Muchos de sus fanáticos se quedaron ahí, en los loops; nadie podría culparlos. Los cuatro volúmenes de esa monumental obra cumplen también su promesa porque en la discografía de William Basinski se comportan como esa canción que se queda en repeat, sin dejarnos avanzar hacia la pista siguiente. Pero Basinski no se se estancó, siguió componiendo y rescatando algo del trabajo que en su momento envió a grandes y admirados artistas. Una vez mandó un demo a Brian Eno y éste lo ignoró. Jamás lo hizo de nuevo.

Hoy escucha más música que nunca. Su bandeja de correo esta inundada de álbumes, sencillos y canciones que una gran cantidad de amigos y conocidos lanzan todos los viernes a través de Bandcamp. “Los escucho porque son mis amigos, sí, pero también porque sé que habrá algo gratificante, y así puedo ayudarles a que paguen las cuentas”. Aunque ahora vive más dentro de casa, no ha perdido el espíritu de quien escucha y trata de mantener viva la comunidad que le acompaña. “Quisiera hablar de todos los álbumes que llegan al correo cada viernes, pero a veces no encuentro forma de hacerlo. No entiendo Instagram, intenté publicar una historia una vez, pero no supe cómo. Además, prefiero quedarme en la espiral de la muerte, escroleando en Twitter, mirando al mundo y a Estados Unidos colapsar”.

“No entiendo Instagram, intenté publicar una historia una vez, pero no supe cómo. Además, prefiero quedarme en la espiral de la muerte, escroleando en Twitter, mirando al mundo y a Estados Unidos colapsar.”

Esa plataforma, ahora X, es la única donde tiene una actividad que podría considerarse regular, aunque Bandcamp se ha convertido en una especie de bastión para las cintas rescatadas y los proyectos inventados que muestran a Basinski en su espectro más amplio: Watermusic, el fabuloso Melancholia, sus colaboraciones con Richard Chartier y Lawrence English, el brutal Lamentations. Toda una obra que, sin renunciar a sus soportes materiales, trasciende desde hace ya varios años la categoría del ambient y se ubica junto a piezas como “Jesus Blood Never Failed Me Yet” de Gavin Bryars o todo el catálogo de Caretaker, música que habita otro tiempo dentro del tiempo, música que no parece haber sido compuesta sino encontrada.

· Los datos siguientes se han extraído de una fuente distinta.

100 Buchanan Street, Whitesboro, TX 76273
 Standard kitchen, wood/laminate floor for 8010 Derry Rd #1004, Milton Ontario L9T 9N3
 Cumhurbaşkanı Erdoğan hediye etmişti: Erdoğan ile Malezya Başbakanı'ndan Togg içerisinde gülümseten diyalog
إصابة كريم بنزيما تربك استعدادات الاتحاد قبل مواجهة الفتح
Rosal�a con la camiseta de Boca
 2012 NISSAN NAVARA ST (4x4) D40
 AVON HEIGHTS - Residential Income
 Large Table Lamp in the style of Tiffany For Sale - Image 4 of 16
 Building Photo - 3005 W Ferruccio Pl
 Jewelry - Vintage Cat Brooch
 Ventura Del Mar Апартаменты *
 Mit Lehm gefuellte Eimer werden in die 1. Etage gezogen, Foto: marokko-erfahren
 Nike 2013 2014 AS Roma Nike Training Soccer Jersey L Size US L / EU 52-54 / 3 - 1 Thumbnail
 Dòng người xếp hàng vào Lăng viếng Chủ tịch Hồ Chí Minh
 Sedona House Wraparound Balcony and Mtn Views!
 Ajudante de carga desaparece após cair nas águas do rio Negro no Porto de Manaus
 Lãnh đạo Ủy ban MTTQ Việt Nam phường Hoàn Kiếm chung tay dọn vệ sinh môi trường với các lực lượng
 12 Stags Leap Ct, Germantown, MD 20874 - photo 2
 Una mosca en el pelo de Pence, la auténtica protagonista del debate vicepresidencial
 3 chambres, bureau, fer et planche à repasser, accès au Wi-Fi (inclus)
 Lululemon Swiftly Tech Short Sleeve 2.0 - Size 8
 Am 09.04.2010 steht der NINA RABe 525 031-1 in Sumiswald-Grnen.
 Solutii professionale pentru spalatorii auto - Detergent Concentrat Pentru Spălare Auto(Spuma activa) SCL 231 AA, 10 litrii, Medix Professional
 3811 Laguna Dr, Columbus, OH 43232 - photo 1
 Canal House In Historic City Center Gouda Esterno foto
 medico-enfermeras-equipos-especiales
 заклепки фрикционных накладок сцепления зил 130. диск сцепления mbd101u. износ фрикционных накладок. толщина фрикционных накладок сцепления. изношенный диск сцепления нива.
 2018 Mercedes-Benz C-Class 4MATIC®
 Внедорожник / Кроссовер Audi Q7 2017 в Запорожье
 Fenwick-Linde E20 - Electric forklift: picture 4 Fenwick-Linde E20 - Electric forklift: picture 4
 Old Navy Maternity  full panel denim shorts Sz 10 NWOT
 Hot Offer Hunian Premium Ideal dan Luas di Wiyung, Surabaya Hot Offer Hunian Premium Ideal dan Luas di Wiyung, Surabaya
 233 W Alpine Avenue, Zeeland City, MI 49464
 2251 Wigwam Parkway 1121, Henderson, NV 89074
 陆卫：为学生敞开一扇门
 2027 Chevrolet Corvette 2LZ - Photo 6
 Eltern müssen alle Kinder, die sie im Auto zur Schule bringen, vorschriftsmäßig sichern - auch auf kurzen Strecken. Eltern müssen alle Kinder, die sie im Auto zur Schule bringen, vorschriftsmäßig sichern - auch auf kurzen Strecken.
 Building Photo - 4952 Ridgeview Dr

William Basinski me cuenta también que está contento de no tener control sobre cada nota. Incluso antes de los loops ya era bastante experto en dejar que las cosas sucedieran. No tiene un miedo fundamental al vacío. Sabe que, si bien las formas y los materiales pueden cambiar, la canción sigue siendo la misma. La música nos deja sus fantasmas. Seguimos persiguiendo el espectro. Los soportes materiales que originaron casi todos sus proyectos, de hecho, ya están igualmente dañados. “La persona que repara mi maravilloso Voyetra 8 vive en Nueva York. Todavía hablo con él. Pensé que podía enviárselo para reparación, pero me ha comentado que antes de eso tendremos que hablar, pues es cada vez más difícil encontrar las piezas. Mis viejas caseteras, amplificadores, mis Philips Norelco que llevo a veces a los tours aún sirven, pero siempre tengo que revisar y ver cuáles están en condiciones y cuáles no. Es siempre un gran veremos”. Todo decae.

Parece que tiene claras las condiciones materiales que hacen posible el arte y pensar en el arte. Por eso salió de Nueva York, por eso aceptó salir de gira, con la única finalidad de terminar de pagar su casa. Ésta habrá también de desintegrase un día. Hasta entonces William Basinski saldrá a nadar y recolectar algo de fruta, siempre que termine una entrevista, siempre que regrese de un tour, para reencontrarse con la vida de las flores y frutos que año con año mueren y nacen en su jardín como si de una repetición eterna se tratara.